Para um festival que sempre abriu seu certame com filmes medianos e inofensivos, apostar numa história escancaradamente gay – com direito a sexo e nudez – e inspirada por um dos seus mais amados realizadores, parece-nos, de fato, uma atitude a se comemorar. Pois é, só que não. E o problema não é só porque François Ozon é o tipo de realizador de baixo escalão que try too hard, mas simplesmente porque não há mesmo nada aqui que justifique esta “releitura”.
Para quem ainda não viu Petra, o filme de Fassbinder contava a história de um triângulo amoroso lésbico entre uma fashion designer narcisista e solitária, Petra Von Kant, uma jovem atriz recém chegada na Alemanha e a sua assistente, a qual nunca ouvimos falar. A versão de Ozon mantém a dinâmica sexual, mas mudam-se os sexos: Petra agora é Peter (Denis Ménochet), um famoso realizador de cinema e o seu objeto do desejo, que era Karin no original (imortalizada por Hanna Schygulla que aqui retorna, em francês, como a mãe de Peter) agora dá corpo a Amir, protagonizado por Khalil Gharbi, fazendo sua estreia no cinema.
Ao fazer esta troca de género e profissão da protagonista e, assim, tentar atualizar o clássico de Fassbinder, que era exclusivamente composto de mulheres, e que tinha aquele olhar queer e decadente do alemão, Ozon parece querer fazer uma referência ao seu próprio universo e trazer o material para perto de si.

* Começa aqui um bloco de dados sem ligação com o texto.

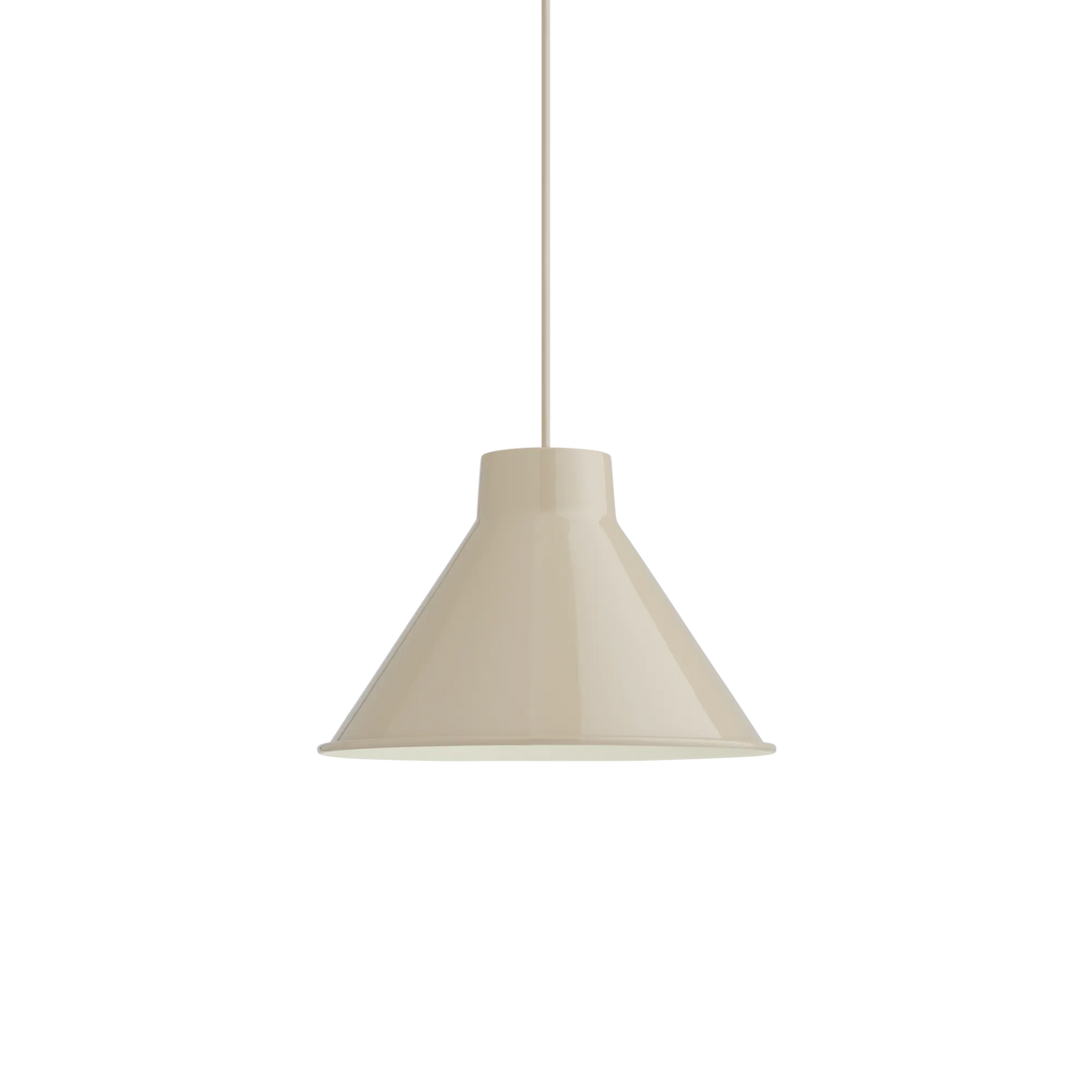 Muuto Top pendel. Velg størrelse og farge
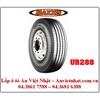 Lốp ô tô CHENSHIN 315/80 R22.5 18PR UR288 - THÁI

Mas enquanto que Ozon quer observar a hipocrisia e a decadência da indústria da qual faz parte, o filme de Fassbinder utiliza de uma artificialidade narrativa para nos fazer enxergar através das ilusões.
Na conferência de imprensa ontem, um jornalista reclamava ao realizador que comparando o filme do alemão com a sua nova versão, tem-se a impressão que Ozon passa “às pressas” pelo material de origem. Faz sentido. Não só no sentido literal, visto que o remake tem meia hora a menos que o de Fassbinder, mas porque Ozon comporta-se como o estudante dedicado que, com as mãos a tremer, quer fazer “homenagem” à obra do seu mestre, só que sem poder realmente compreendê-la.
Não é a primeira vez que Ozon filma uma história de Fassbinder, em 2000 ele realizou a sátira burlesca Gouttes D’eau Sur Pierres Brûlantes (vencedor do Teddy Award daquele mesmo ano). Talvez um dos filmes mais divertidos dele. Lá atrás, o filme de 2000 adaptava despretensiosamente uma peça de Fassbinder, explorando de modo mais despreocupado as relações de poder entre os seus personagens. Já aqui no seu Peter Von Kant, a “homenagem” não passa de um mero decalque; do copy paste dos diálogos do original à atualização para o “filme de homens”, tudo soa sem propósito e fora de lugar.
Sendo o realizador irregular e errático que sempre foi, não é surpresa para ninguém que Ozon não saiba lidar com os temas violentos e claustrofóbicos de dependência emocional, e de solidão e vaidade que Fassbinder abordou na maioria dos seus filmes.
Ozon diz agora, assim como disse lá em 2000, que adaptou ambas as histórias “livremente”. Parece conversa de quem sabe que se meteu onde não deveria e muito provavelmente de quem sabe que teria de justificar tamanha heresia.